Fix handling contradictory filters

main.c

@@ -239,6 +239,23 @@ static bool handleArgument(const char* arg, FilterInput* filter, bool* showHelp,
     return true;
 }
 
+static void cleanupFilter(FilterInput* filter) {
+    // A letter shouldn't be both a must have (green square) and excluded
+    // from candidates. Since we do these as seperate checks, filters like
+    // `+a1 -a` will return no candidates because they're contradictory
+    // requirements. This is somewhat problematic in the case where you
+    // guess a word that has two of the same letters but the target word
+    // only has one letter (such as guessing "arena" for the word "tangy").

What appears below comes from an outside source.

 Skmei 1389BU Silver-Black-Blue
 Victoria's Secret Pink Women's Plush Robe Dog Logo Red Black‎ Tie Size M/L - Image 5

+    // It will show one of the letters as either yellow or green, and the
+    // other as gray. The solution is simply exclude any must have letters
+    // from the must not have list.
+    //
+    // A more sophisticated limitation might limit words to only those
+    // that have a single instance of the letter in question, but that is
+    // probably overkill.
+    filter->mustNotHave &= ~(filter->mustHave);
+}
+
 int main(int argc, char** argv) {
     FilterInput in = {0};
 
@@ -256,6 +273,8 @@ int main(int argc, char** argv) {
         return EXIT_SUCCESS;
     }
 
+    cleanupFilter(&in);
+
     FilterOutput out = {0};
     filterWords(words, wordCount, &in, &out);